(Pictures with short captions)
§ §

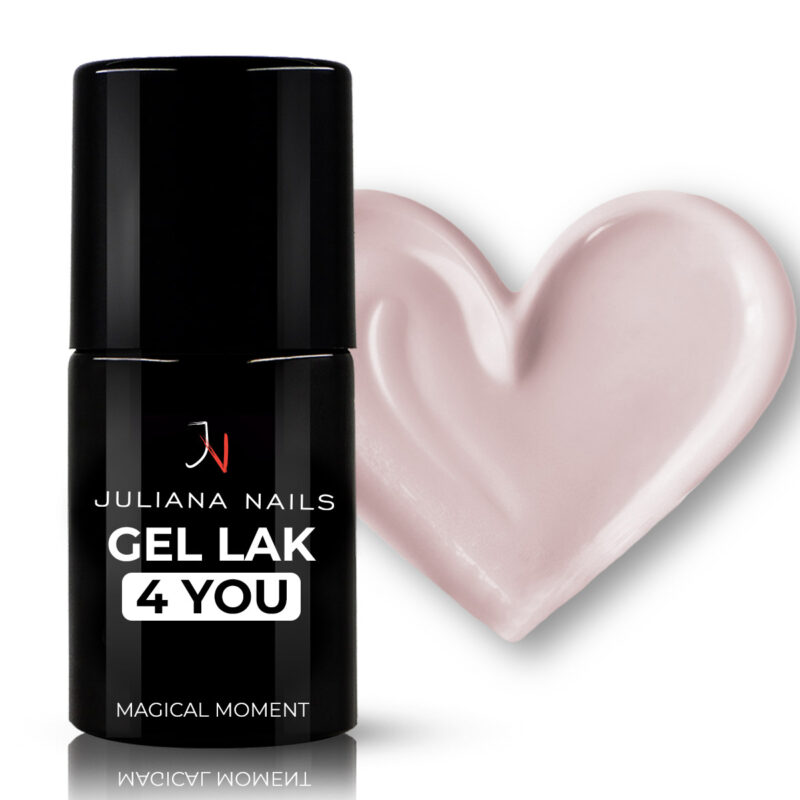 GL4Y1049_Magical-Moment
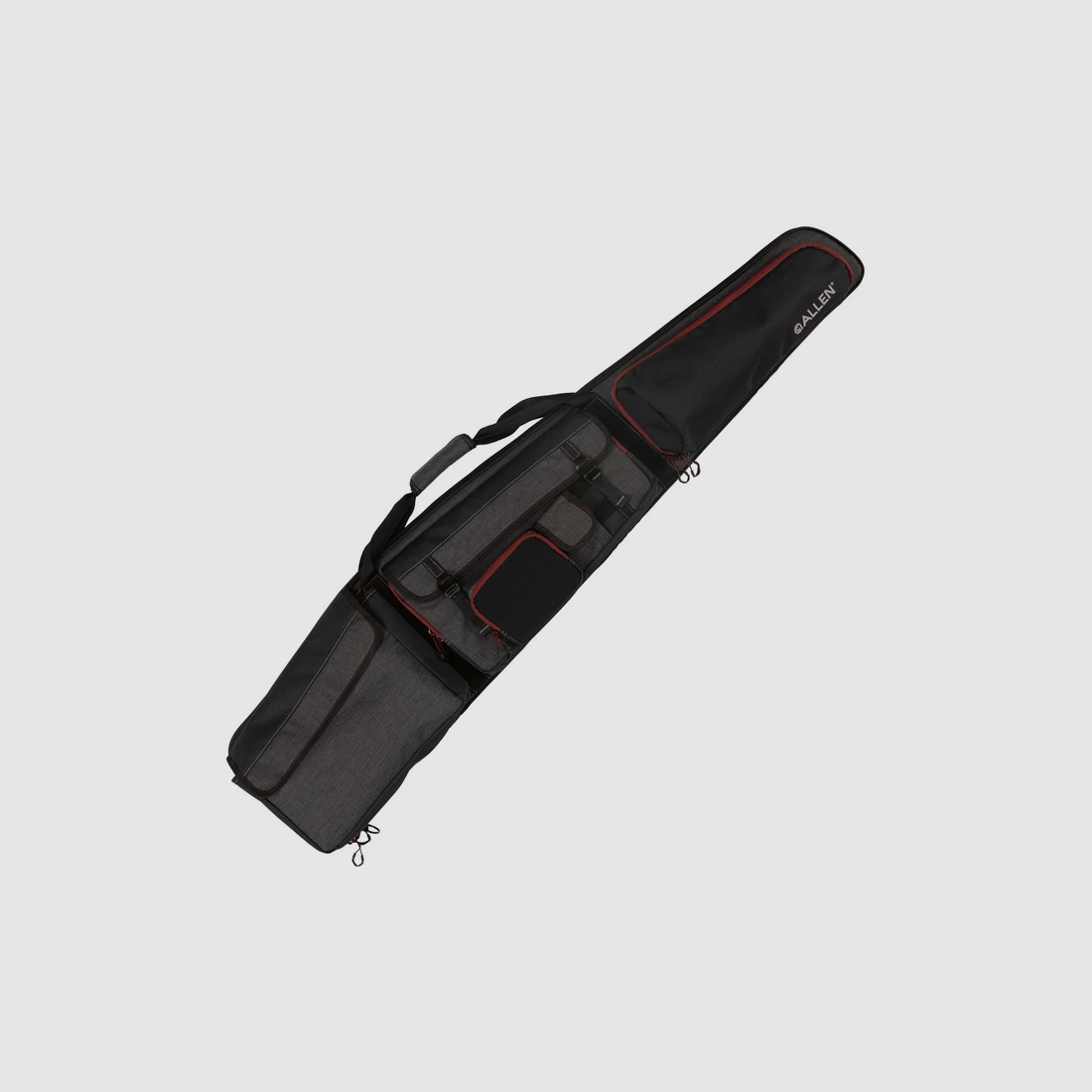 Allen Futteral Gewehrtasche – Gear Fit Mag – 127cm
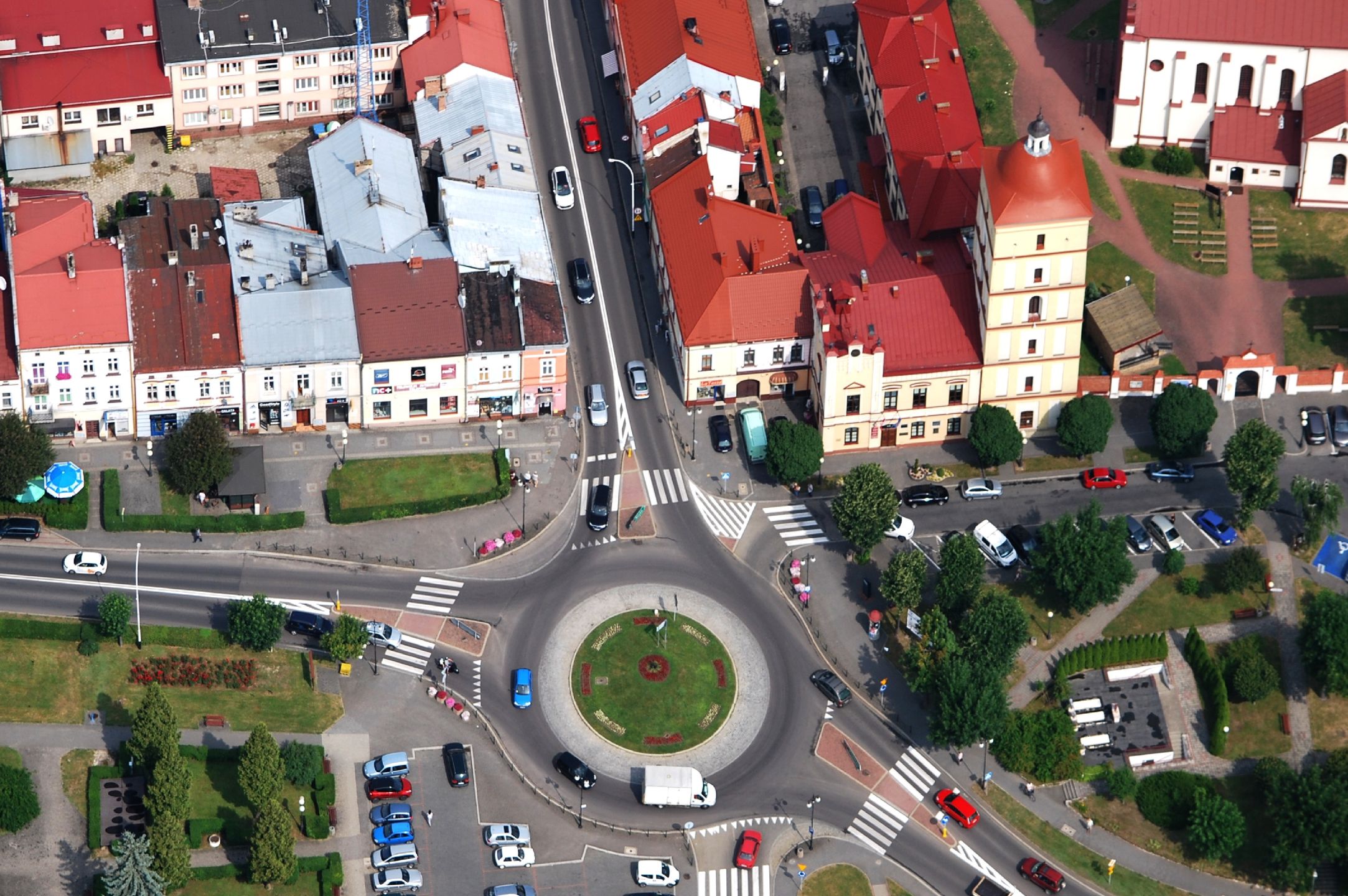 Nie ma ratunku dla browaru Leżajsk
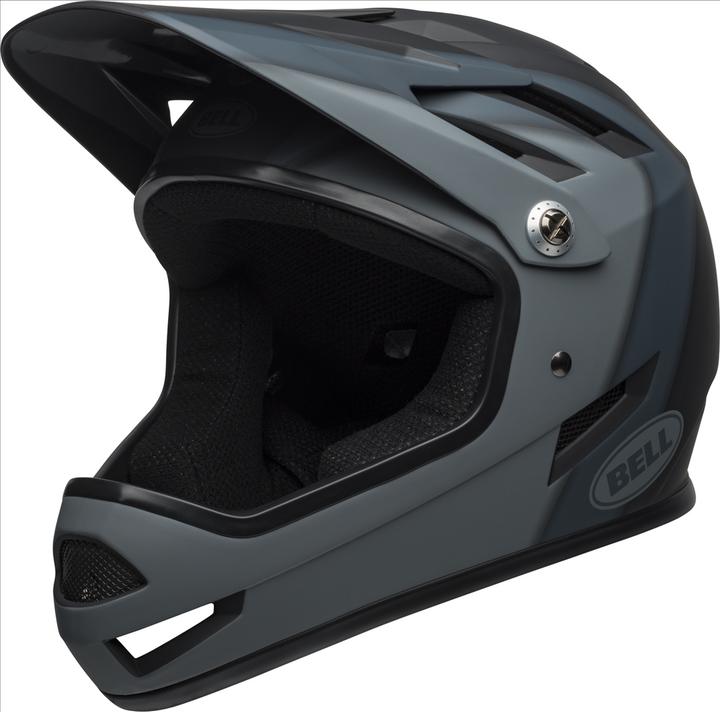 Produktbild Bell Sanction (48 - 51 cm)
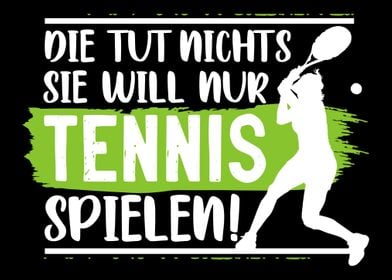 Toller Sportler Spruch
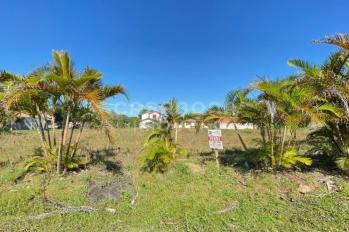 Imagem #2 do imóvel Oportunidade de Investimento no Balneário Arroio do Sal Sul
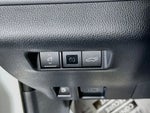 2026 RAV4 Thumbnail 10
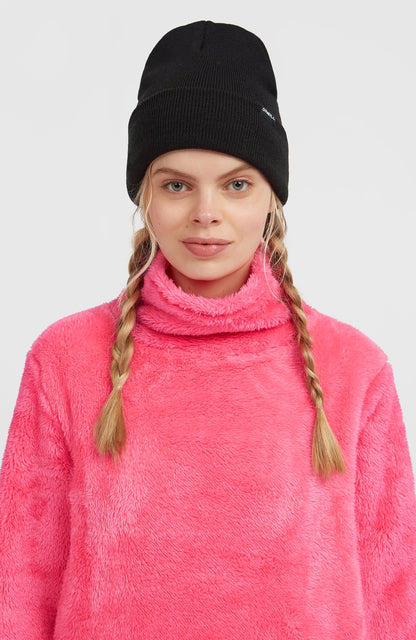Women FWC'Cruz Fuzzy Fleece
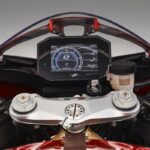 MV Agusta Superveloce 75 Anniversario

§ §

§ What needs to be done: Only the lines from the one containing "Nie ma ratunku dla browaru Leżajsk" through the last line of the entries should be transcribed, exactly and with no pictures.

§ Solution below:
 Nie ma ratunku dla browaru Leżajsk
 Produktbild Bell Sanction (48 - 51 cm)
 Toller Sportler Spruch
 Imagem #2 do imóvel Oportunidade de Investimento no Balneário Arroio do Sal Sul
 2026 RAV4 Thumbnail 10
Women FWC'Cruz Fuzzy Fleece
 MV Agusta Superveloce 75 Anniversario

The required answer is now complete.